Like other financial houses, JNFM is diversifying away from retail repos to more fee-based services, but collateral pledged for resale agreements inched up marginally this year to $24.8 billion, compared to $24.2 billion in 2016. Lewis said, however, that pensions and other assets under management, as well as investment banking are now growing faster than repos.

The stationery company arrangement was the most tangible sign of its efforts to date in the investment banking space.

The offer stood out in the market for its more generous allocation of shares for public subscription. Whereas the general public often gets less than 10 per cent of a float, the SOS offer allotted them nearly 64 per cent, or 31.87 million of 50 million shares, shared among 934 investors, according to market disclosures. JNFM clients got one-fifth of the allotment or 10 million shares, shared among 240 clients.

Lewis said it was largely the directors of SOS who decided on the allotment of shares. He adds that the largest allotment to any one JNFM client was 76,650 shares, and that the distribution of SOS shares was done on an equitable basis that, in the long run, was likely to attract not detract from new business.

"We wanted to achieve the most broad-based allocation," Lewis commented, while noting that 75 per cent of applicants received their full subscription.

Overall, shares were allotted to 1,216 investors, inclusive of SOS staff.
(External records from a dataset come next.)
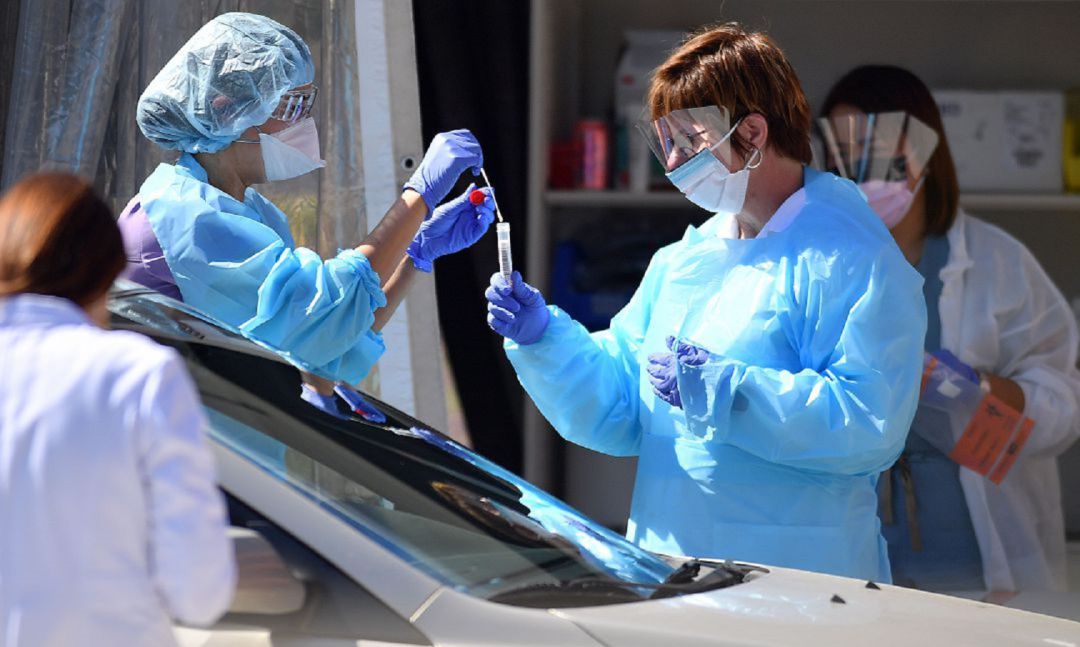 Realización de pruebas de detección del coronavirus Realización de pruebas de detección del coronavirus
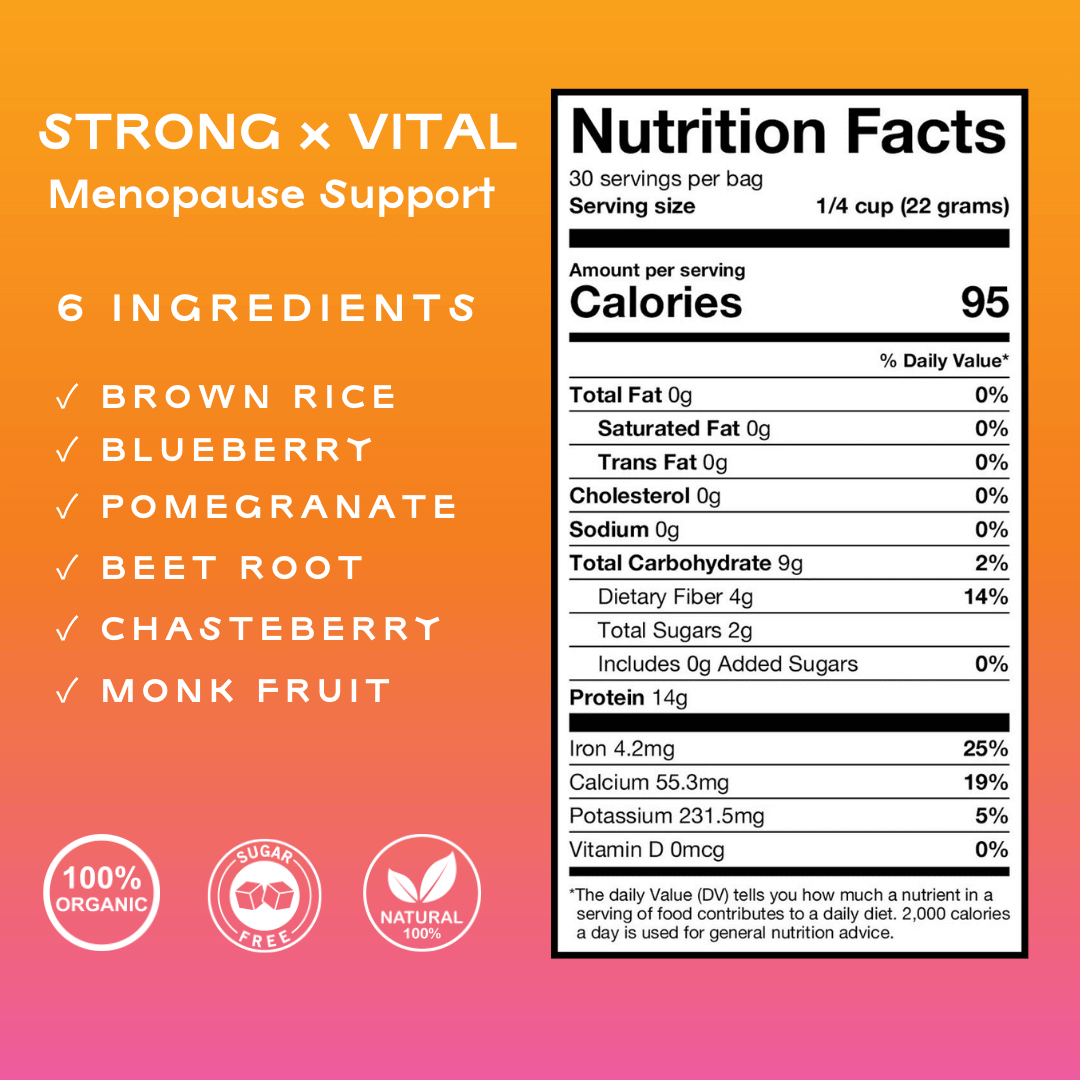 Strong + Vital Menopause Support Protein Powder – Berry Pomegranate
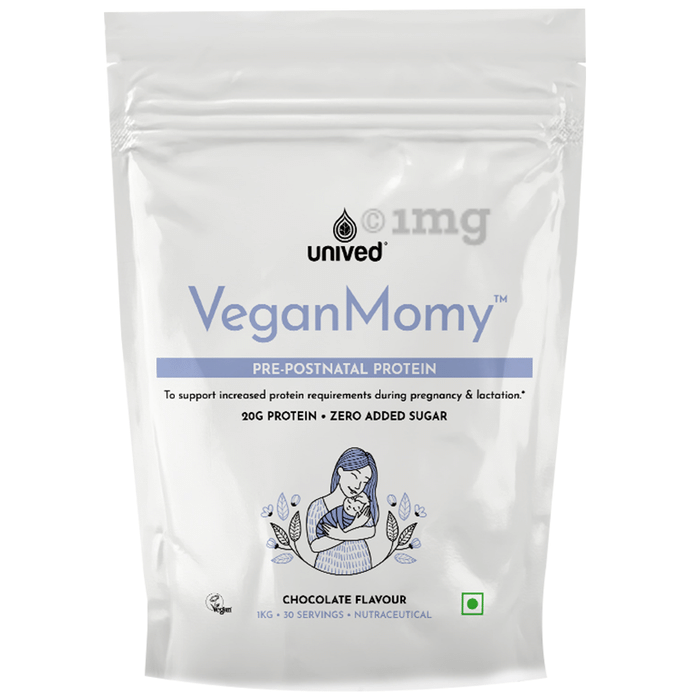Unived Vegan Momy Pre-Postnatal Protein Powder Chocolate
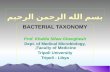 Bacterial taxonomy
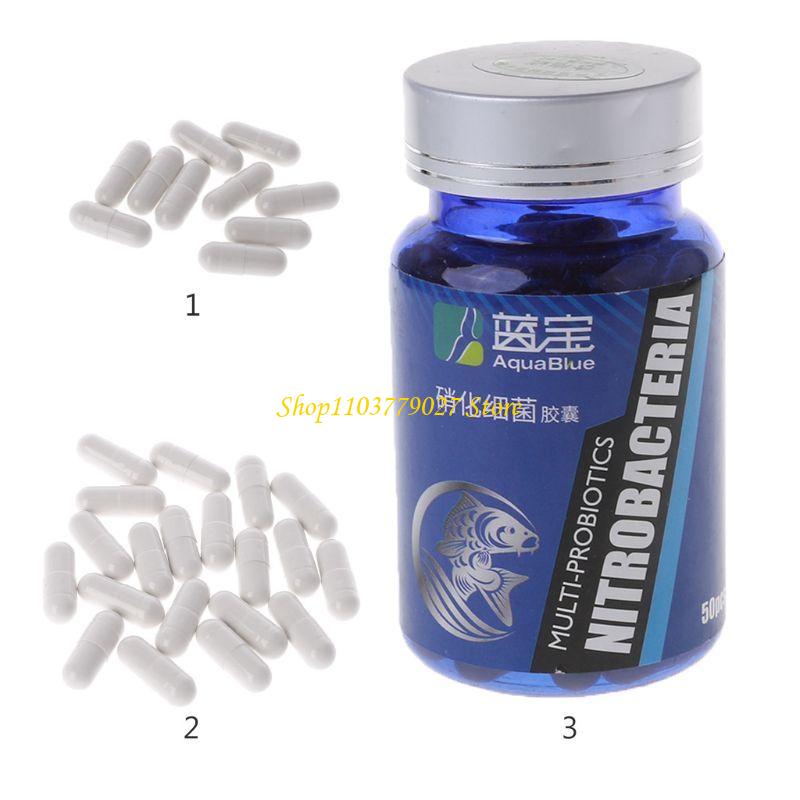Marine Aquarium Bacteria - C4DF 10/20/50 Pcs Nitrifying Capsules for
Lewis said JNFM picked up 200 new clients as a result of the offer.

JNFM is a member of the Jamaica National Group, to which it contributed over $400 million of profit at year ending March 2017. Lewis manages a company worth more than $28 billion by assets, and which otherwise also oversees more than $50 billion of funds on behalf of clients.

The company for each of the past two years, has earned just shy of $1.6 billion in interest income, while fees make up a fraction of its income - albeit a growing one - at $50 million at year end 2016 and $60 million in 2017.
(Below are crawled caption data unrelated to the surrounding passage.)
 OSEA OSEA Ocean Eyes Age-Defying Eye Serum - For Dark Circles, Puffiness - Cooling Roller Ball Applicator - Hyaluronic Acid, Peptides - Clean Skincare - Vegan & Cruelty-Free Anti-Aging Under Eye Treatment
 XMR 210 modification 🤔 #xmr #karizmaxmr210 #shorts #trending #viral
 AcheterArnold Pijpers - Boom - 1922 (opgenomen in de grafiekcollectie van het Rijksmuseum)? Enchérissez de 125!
Profit spiked from $262 million to $408 million, largely due to liquidation of some investments.

Lewis said that while JNFM was being affected by competition, he still sees prospect for growth, due to the unique characteristics of the JN Group and its "very low fee" structures, which extend to the investment banking services offered by the investment arm.

From that comes a 3-P strategy.

"Our focus is to be proud, principled and productive by understanding and being responsive to the need [of clients]," he said.

The mutual funds operation launched with five funds, four denominated in Jamaican dollars and one in US dollars. Lewis said the company was preparing to roll out new products, but would not comment on specifics pending approval from the Financial Services Commission.

JNFM manages JN Mutual Funds on behalf of JN Group.